[Start of Attachment]
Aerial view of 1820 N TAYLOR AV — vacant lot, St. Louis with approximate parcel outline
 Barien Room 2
[End of Attachment]
[Start of Attachment]
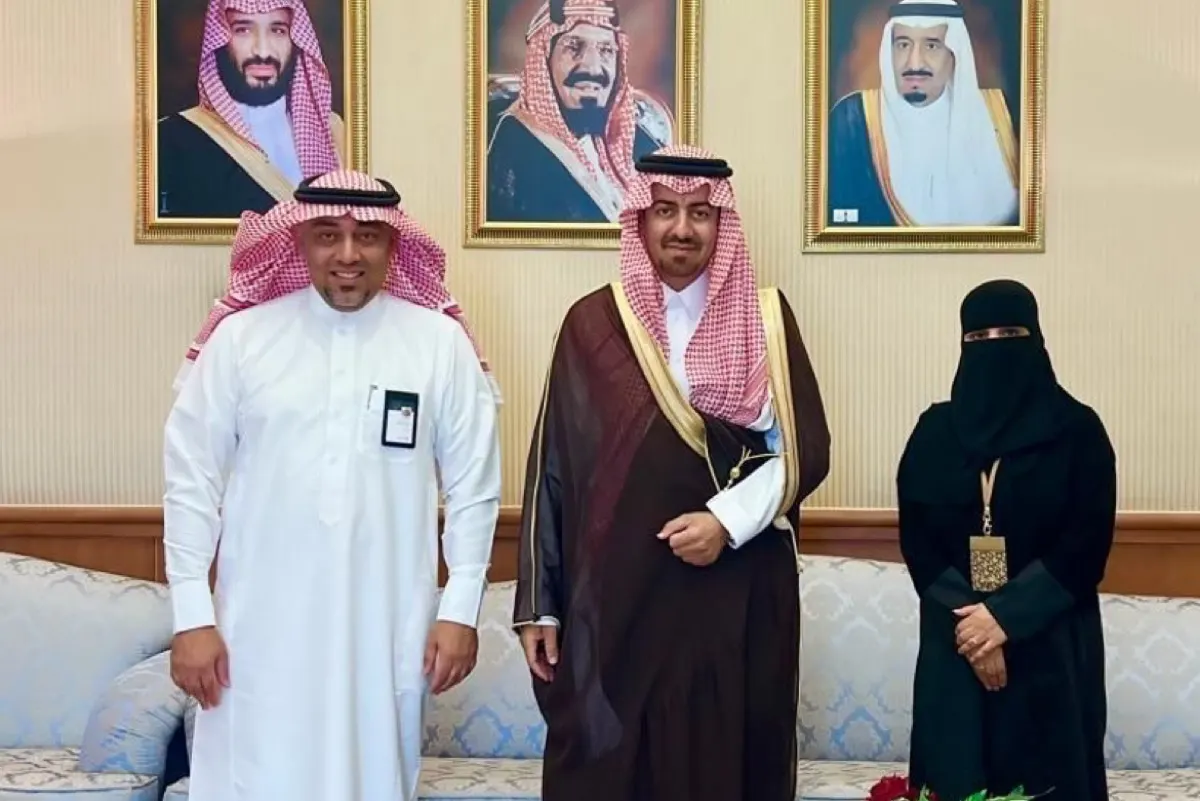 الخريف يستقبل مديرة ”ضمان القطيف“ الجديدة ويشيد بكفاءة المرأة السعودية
[End of Attachment]
- **Activity**
In the entries above, one line contains "Aerial view of" and another contains "Barien Room 2". Reproduce exactly those two lines and the lines between them, nothing else.

- **Written response**
Aerial view of 1820 N TAYLOR AV — vacant lot, St. Louis with approximate parcel outline
 Barien Room 2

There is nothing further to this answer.